Required work
Every line of the entries below from the one containing "Olive Baluch Altar" to the one containing "Long-Sleeve Crew-Neck Sweatshirt", both ends included, must be written out exactly. No other line belongs in the answer.

Information
# # # # #

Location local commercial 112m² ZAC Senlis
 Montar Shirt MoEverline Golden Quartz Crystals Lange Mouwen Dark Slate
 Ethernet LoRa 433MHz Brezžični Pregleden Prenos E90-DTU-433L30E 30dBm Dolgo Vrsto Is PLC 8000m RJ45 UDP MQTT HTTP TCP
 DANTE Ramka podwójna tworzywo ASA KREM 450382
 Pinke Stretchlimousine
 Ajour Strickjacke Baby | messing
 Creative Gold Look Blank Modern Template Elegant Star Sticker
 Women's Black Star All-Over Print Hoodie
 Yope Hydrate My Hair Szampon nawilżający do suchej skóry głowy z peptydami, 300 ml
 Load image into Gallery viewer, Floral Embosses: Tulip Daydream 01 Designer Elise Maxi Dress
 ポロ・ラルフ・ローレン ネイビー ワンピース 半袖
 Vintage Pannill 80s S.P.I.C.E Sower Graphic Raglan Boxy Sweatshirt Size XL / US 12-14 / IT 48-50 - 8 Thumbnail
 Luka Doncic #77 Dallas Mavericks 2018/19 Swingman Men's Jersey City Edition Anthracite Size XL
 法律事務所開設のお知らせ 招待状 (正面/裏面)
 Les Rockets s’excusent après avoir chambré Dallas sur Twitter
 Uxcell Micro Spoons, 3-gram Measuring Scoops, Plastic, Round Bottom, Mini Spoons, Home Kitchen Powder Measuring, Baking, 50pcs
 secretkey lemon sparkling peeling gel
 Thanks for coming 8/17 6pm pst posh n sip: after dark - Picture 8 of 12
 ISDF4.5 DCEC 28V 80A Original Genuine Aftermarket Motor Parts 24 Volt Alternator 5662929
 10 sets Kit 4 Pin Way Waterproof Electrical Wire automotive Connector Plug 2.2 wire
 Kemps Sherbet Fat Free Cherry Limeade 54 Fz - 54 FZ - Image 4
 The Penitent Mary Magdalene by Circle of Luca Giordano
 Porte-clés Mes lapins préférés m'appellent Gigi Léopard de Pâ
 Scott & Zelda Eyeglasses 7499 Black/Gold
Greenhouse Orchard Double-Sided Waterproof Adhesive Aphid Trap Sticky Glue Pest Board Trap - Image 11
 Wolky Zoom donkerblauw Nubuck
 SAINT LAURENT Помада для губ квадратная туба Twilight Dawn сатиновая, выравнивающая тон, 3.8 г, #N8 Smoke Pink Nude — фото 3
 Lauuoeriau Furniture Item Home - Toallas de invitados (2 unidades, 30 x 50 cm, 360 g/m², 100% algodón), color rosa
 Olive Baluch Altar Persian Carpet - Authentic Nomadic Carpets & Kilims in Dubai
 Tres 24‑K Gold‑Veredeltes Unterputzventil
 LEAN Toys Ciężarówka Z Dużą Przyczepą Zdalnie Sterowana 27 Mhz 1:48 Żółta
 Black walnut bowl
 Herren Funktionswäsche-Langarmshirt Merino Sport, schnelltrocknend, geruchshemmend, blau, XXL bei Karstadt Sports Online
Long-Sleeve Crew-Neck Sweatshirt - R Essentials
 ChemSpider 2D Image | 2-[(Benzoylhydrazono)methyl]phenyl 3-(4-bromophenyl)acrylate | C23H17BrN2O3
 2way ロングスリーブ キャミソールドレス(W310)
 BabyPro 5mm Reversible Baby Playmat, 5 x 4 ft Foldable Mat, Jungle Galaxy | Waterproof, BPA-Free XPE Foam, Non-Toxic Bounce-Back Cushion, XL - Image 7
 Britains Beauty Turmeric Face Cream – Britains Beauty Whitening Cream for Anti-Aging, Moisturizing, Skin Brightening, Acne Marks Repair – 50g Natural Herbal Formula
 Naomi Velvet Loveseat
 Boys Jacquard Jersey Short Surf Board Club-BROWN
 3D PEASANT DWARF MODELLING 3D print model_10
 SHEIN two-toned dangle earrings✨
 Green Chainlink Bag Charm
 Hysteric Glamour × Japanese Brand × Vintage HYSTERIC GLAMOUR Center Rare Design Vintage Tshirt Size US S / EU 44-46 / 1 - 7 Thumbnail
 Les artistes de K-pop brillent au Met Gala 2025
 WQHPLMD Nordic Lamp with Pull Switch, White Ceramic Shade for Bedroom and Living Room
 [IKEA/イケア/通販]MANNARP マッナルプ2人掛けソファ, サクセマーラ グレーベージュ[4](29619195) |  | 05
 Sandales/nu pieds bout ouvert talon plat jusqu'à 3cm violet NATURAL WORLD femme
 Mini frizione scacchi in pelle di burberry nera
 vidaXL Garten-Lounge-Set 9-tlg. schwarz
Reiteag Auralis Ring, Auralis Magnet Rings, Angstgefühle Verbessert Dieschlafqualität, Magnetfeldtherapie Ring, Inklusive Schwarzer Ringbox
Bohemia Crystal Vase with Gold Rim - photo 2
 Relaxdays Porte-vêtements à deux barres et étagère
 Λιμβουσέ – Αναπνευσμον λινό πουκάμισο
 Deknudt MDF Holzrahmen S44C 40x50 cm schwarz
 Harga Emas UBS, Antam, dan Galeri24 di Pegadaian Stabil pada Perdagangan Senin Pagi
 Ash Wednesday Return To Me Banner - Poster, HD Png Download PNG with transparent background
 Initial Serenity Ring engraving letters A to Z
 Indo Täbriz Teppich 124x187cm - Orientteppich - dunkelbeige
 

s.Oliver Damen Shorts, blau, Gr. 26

# # # # #

Answer for the task
 Olive Baluch Altar Persian Carpet - Authentic Nomadic Carpets & Kilims in Dubai
 Tres 24‑K Gold‑Veredeltes Unterputzventil
 LEAN Toys Ciężarówka Z Dużą Przyczepą Zdalnie Sterowana 27 Mhz 1:48 Żółta
 Black walnut bowl
 Herren Funktionswäsche-Langarmshirt Merino Sport, schnelltrocknend, geruchshemmend, blau, XXL bei Karstadt Sports Online
Long-Sleeve Crew-Neck Sweatshirt - R Essentials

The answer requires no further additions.